DUNNES Stores’ right-hand man Dan Barrett has occupied all of the hot seats.

The Corkman, who was supermarket dynamo Ben Dunne Snr’s first-ever employee, mentor and subsequently director as the family empire grew, yesterday got to warm a red velour seat at Cork City Hall — one set to be graced by the queen of England next month.

Recently turned 90 years of age and still working, Mr Barrett was the first man to commit to the Dunnes vision and drive for better value. The company launched at the end of the Second World War, now he sees it in the trenches in current supermarket price wars.
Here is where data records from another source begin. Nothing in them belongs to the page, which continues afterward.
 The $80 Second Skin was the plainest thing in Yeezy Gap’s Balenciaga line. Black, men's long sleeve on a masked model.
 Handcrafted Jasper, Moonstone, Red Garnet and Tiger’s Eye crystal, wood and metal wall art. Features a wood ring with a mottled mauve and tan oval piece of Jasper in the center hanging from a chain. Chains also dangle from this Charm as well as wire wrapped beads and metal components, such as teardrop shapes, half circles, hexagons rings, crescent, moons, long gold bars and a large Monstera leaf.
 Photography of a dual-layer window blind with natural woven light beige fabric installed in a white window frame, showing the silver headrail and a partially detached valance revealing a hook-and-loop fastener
And he still loves it.

“There’s better value than ever before for shoppers,” Dan Barrett asserts, using his temporary seat in mayoralty chambers to call for car-parking for St Patrick Street, where Dunnes flagship and first store has been reinstated thanks to his efforts.

His commitment, and long, long career at the top of the Dunnes firm was yesterday honoured by the Cork Business Association, and by Cork’s Lord Mayor when Mr Barrett signed the Visitors’ Book at a special City Hall reception in his honour.
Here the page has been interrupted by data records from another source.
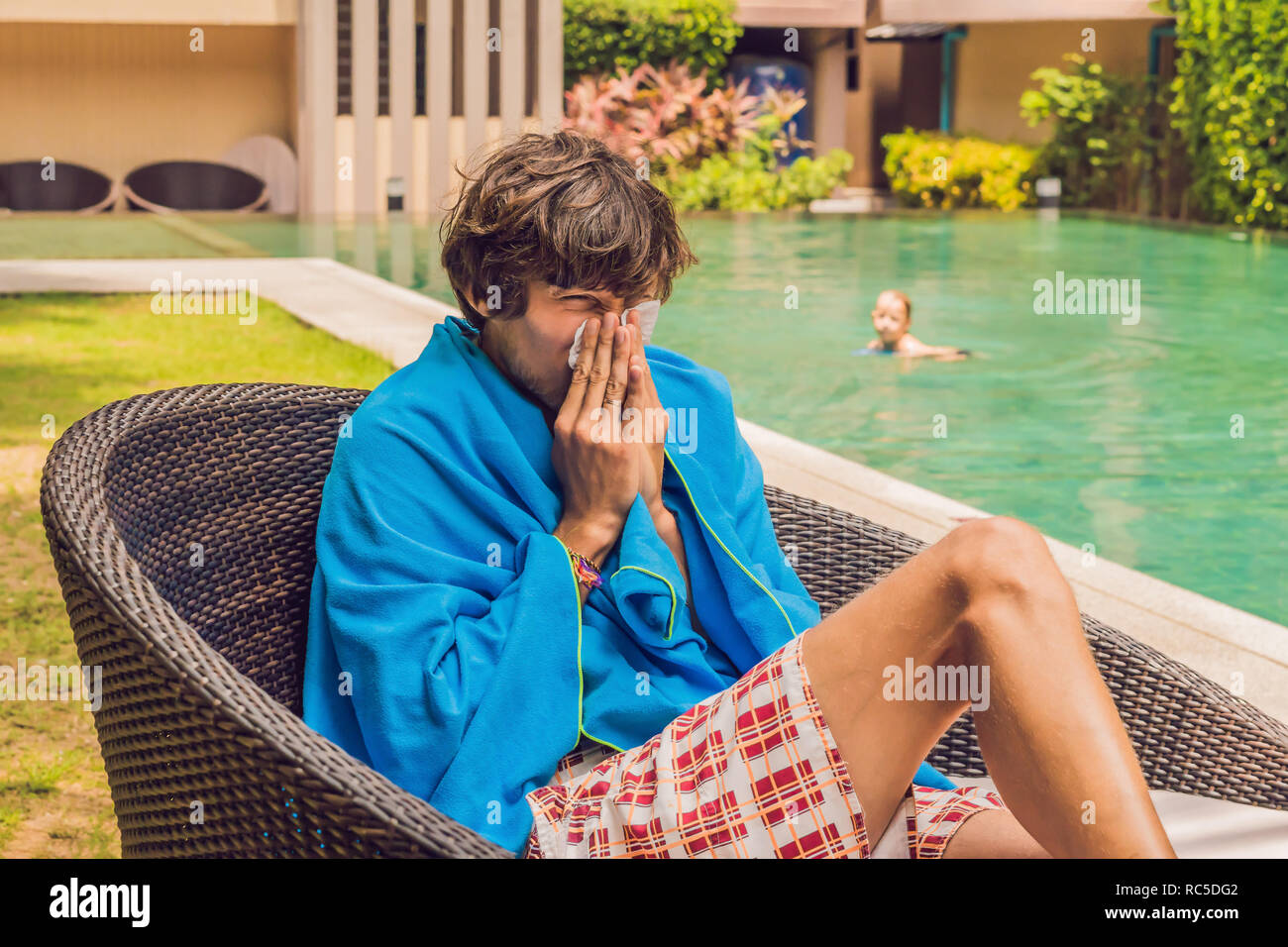 Sick man traveler. The man caught a cold on vacation, sits sad at the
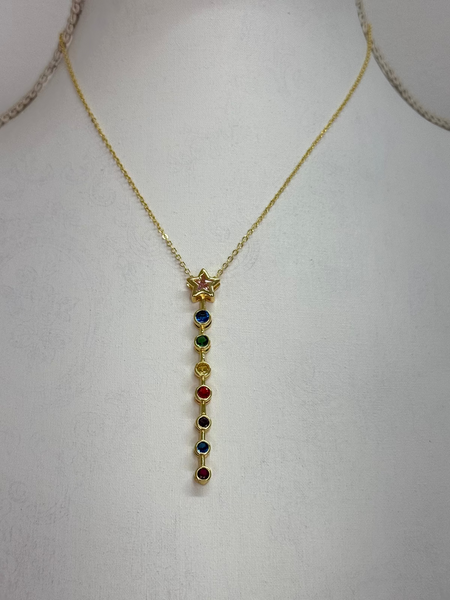 front of gold star necklace with multicolour gemstone drop pendant.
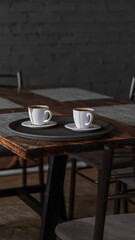 two mugs of coffee stands on a tray in a restaurant.  dark colors, loft style interior.  no people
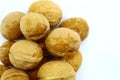 Large oval whole walnuts on white background Royalty Free Stock Photo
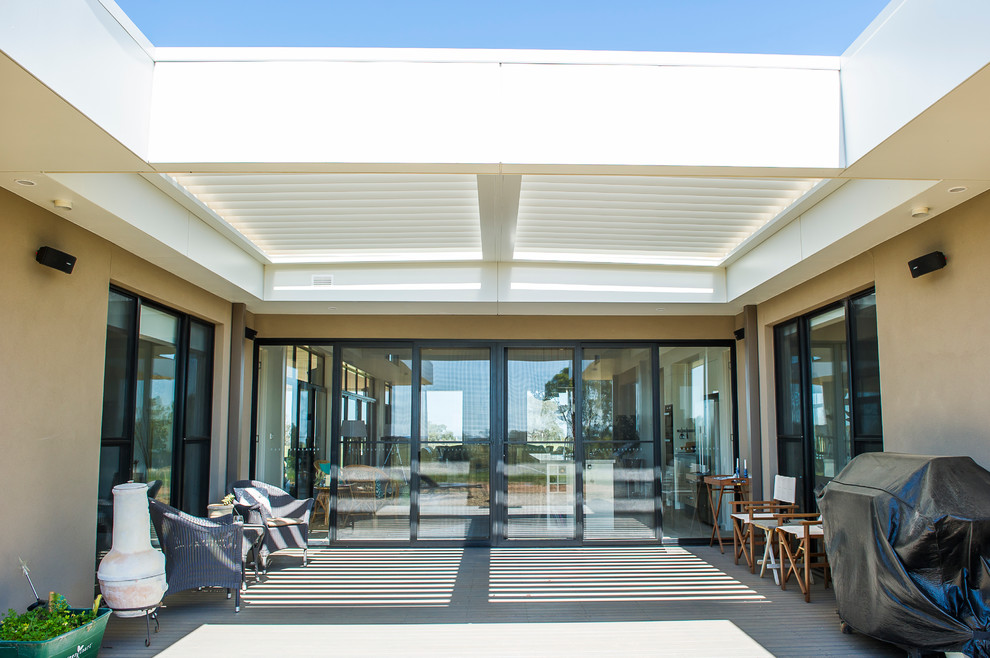 Inspiration for a mid-sized contemporary deck remodel in Sydney with a pergola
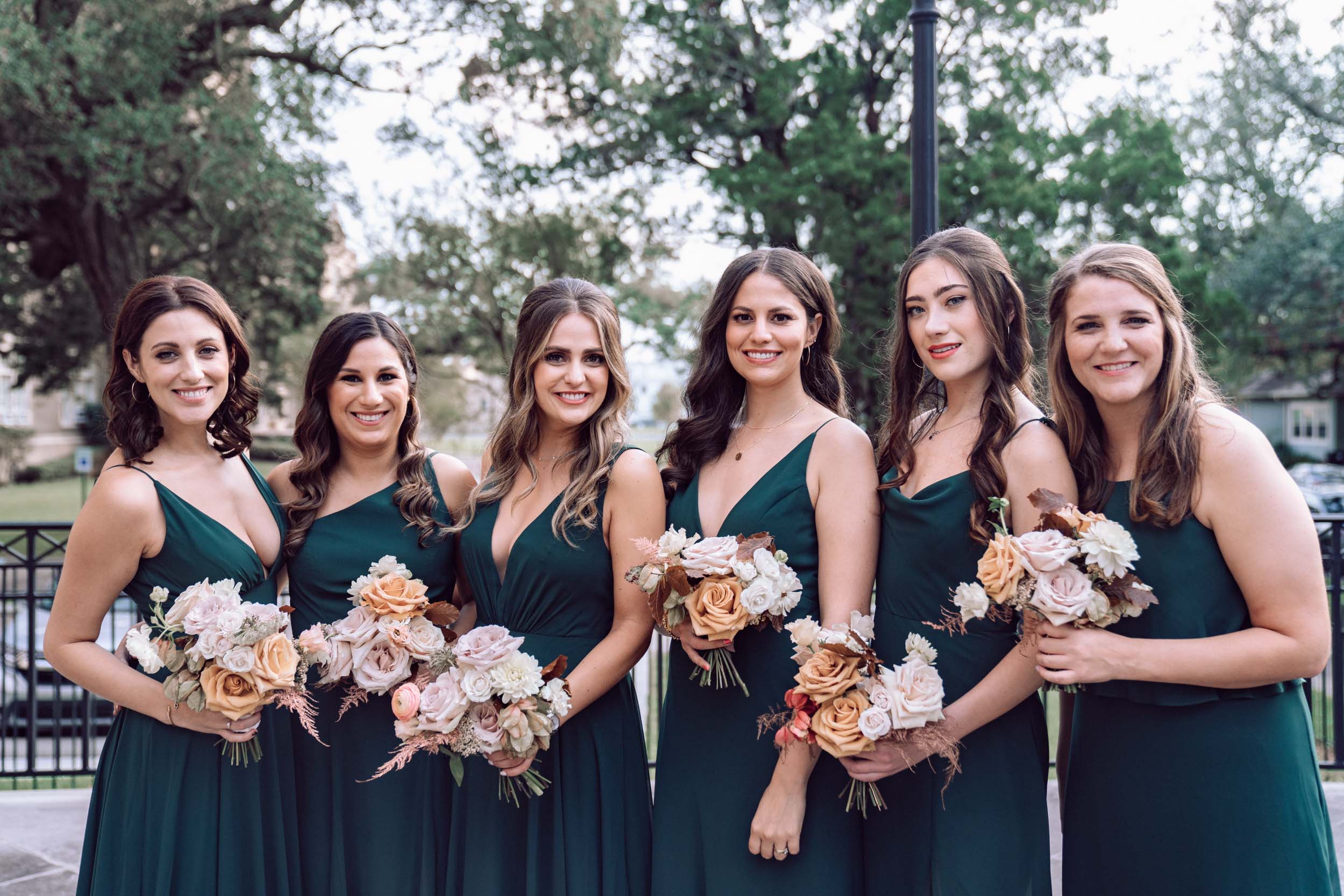 bridesmaids posing with green dresses and flowers and smiling in front of Ursuline Church in New Olreans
Lord Mayor Cllr Michael O’Connell pointed out that one of the next visitors will be Queen Elizabeth II and quipped “where you’re sitting now, she’ll be sitting”.
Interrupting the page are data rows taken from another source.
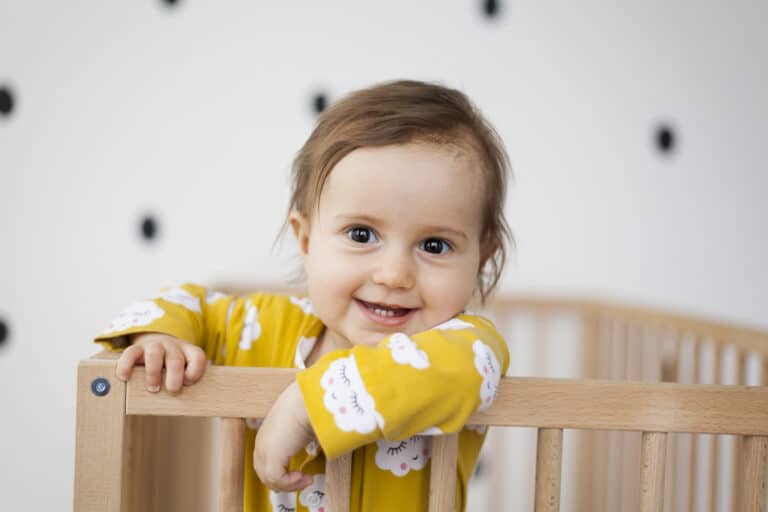 portrait of cute baby girl standing in baby crib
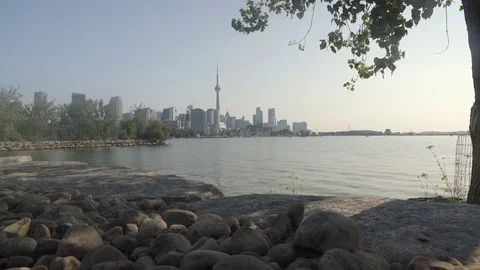 Establishing wide angle shot of Toronto skyline across Lake Ontario. Stock Footage 79192016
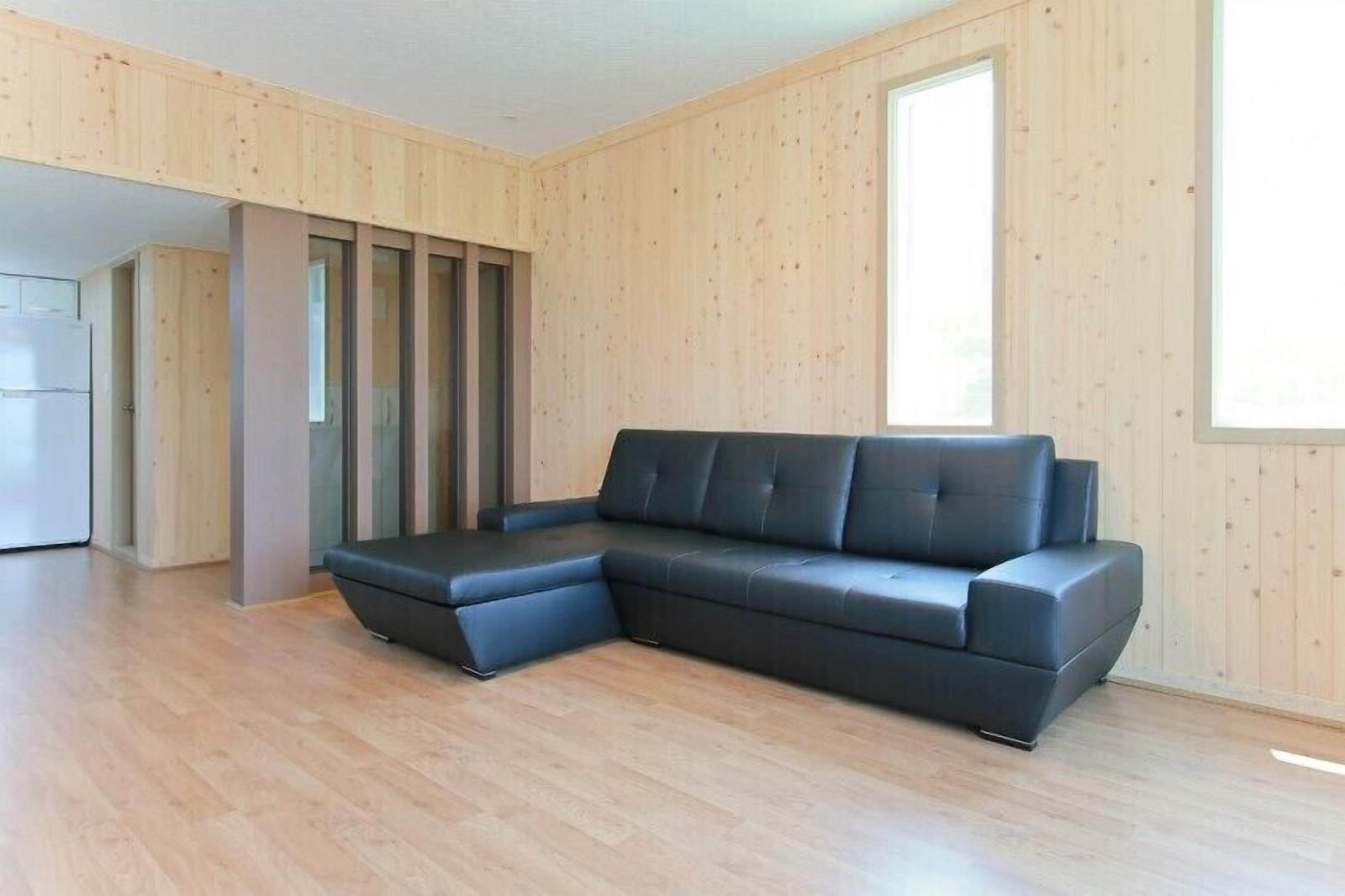 Un soggiorno moderno con un divano componibile, pareti in legno e una grande finestra.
The first citizen recalled earlier royal visitors to Cork, including Queen Victoria’s two visits, first in 1849, again in 1900.

Queen Victoria held Britain’s longest sovereign reign, at 63 years and seven months: Dan Barrett has had a 67-year career and is still going strong.

Other dynasties came into the frame yesterday as Mr Barrett described himself as “a genuine rebel, born on Cork’s Magazine Road, educated locally, married to a Cork woman Pat and having raised my own family (Anne, Thomas and David) in Cork, despite much pressure to move to Dublin”.

Mr Barrett has now worked with three generations of the Dunne family, who’ve got 16,000 employees in 155 stores in Ireland, Spain and Britain.

Dan Barrett noted that his father had been in the retail trade, as a buyer for T Lyons & Co. Mr Barrett himself had started in Roches Stores before crossing St Patrick Street to start with “genius” Ben Dunne, he had three sisters working in the Queens Old Castle, and a brother in Mannix and Cullinane. His own son David Barrett works in Dunnes’ Dublin HQ, 27 years into his apprenticeship.